What you return should be the line containing "Kütahya’da çay bahçesinde" and each line after it to the end of the records, copied exactly.

Start of Provided records

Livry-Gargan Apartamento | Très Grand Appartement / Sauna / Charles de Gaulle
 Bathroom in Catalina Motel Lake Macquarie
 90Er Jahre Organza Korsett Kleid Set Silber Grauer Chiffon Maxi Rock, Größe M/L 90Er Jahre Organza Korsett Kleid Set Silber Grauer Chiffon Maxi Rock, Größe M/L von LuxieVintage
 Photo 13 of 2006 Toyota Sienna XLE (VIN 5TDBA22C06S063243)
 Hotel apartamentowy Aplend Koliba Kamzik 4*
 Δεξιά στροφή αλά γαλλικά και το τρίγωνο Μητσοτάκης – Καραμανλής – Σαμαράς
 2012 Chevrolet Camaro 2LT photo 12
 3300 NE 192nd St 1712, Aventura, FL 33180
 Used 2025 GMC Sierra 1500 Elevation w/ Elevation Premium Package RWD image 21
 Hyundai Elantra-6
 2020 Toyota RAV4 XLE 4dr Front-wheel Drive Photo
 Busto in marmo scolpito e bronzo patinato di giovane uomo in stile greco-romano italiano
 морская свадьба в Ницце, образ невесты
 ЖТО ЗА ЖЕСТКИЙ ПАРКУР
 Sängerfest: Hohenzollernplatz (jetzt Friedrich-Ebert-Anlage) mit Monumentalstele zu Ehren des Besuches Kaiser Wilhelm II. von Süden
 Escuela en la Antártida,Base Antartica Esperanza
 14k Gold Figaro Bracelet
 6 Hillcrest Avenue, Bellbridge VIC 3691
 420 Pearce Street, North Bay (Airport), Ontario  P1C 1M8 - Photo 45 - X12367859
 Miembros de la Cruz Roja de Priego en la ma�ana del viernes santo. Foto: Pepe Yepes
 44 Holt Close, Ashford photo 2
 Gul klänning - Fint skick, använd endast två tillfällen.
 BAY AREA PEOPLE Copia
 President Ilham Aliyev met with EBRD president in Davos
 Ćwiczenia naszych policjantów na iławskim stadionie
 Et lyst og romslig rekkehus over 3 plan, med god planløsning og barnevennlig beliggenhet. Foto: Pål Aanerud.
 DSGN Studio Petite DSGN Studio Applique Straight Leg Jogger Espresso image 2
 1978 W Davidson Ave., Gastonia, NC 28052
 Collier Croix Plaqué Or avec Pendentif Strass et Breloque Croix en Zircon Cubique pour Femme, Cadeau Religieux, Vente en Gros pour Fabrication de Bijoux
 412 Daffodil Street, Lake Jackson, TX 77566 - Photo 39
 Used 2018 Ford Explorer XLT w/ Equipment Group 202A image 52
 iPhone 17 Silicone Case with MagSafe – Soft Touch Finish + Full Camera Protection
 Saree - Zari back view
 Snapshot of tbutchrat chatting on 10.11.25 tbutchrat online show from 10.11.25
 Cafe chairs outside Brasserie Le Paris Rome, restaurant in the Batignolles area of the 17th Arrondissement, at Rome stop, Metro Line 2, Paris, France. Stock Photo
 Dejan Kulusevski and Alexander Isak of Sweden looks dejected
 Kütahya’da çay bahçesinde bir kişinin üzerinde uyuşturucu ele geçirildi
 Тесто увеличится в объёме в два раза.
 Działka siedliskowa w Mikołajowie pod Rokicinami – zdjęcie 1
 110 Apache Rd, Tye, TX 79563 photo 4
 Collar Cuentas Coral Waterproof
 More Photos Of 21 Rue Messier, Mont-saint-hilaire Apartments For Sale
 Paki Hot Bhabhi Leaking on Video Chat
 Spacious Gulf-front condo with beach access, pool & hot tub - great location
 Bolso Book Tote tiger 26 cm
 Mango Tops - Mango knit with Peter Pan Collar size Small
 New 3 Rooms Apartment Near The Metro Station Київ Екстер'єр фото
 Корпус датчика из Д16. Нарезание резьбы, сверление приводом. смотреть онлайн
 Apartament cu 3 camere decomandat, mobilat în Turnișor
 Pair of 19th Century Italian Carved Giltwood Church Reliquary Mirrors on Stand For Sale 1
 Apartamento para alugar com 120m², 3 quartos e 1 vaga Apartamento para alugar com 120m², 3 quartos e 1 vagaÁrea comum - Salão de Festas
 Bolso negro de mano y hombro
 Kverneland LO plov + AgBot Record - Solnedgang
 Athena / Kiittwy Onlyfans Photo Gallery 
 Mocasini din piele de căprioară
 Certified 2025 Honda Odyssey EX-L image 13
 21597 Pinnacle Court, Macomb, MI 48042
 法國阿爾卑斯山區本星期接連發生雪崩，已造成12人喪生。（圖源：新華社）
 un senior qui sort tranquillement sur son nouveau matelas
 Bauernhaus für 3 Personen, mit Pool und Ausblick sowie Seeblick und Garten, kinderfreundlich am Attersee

End of Provided records

Problem solution
 Kütahya’da çay bahçesinde bir kişinin üzerinde uyuşturucu ele geçirildi
 Тесто увеличится в объёме в два раза.
 Działka siedliskowa w Mikołajowie pod Rokicinami – zdjęcie 1
 110 Apache Rd, Tye, TX 79563 photo 4
 Collar Cuentas Coral Waterproof
 More Photos Of 21 Rue Messier, Mont-saint-hilaire Apartments For Sale
 Paki Hot Bhabhi Leaking on Video Chat
 Spacious Gulf-front condo with beach access, pool & hot tub - great location
 Bolso Book Tote tiger 26 cm
 Mango Tops - Mango knit with Peter Pan Collar size Small
 New 3 Rooms Apartment Near The Metro Station Київ Екстер'єр фото
 Корпус датчика из Д16. Нарезание резьбы, сверление приводом. смотреть онлайн
 Apartament cu 3 camere decomandat, mobilat în Turnișor
 Pair of 19th Century Italian Carved Giltwood Church Reliquary Mirrors on Stand For Sale 1
 Apartamento para alugar com 120m², 3 quartos e 1 vaga Apartamento para alugar com 120m², 3 quartos e 1 vagaÁrea comum - Salão de Festas
 Bolso negro de mano y hombro
 Kverneland LO plov + AgBot Record - Solnedgang
 Athena / Kiittwy Onlyfans Photo Gallery 
 Mocasini din piele de căprioară
 Certified 2025 Honda Odyssey EX-L image 13
 21597 Pinnacle Court, Macomb, MI 48042
 法國阿爾卑斯山區本星期接連發生雪崩，已造成12人喪生。（圖源：新華社）
 un senior qui sort tranquillement sur son nouveau matelas
 Bauernhaus für 3 Personen, mit Pool und Ausblick sowie Seeblick und Garten, kinderfreundlich am Attersee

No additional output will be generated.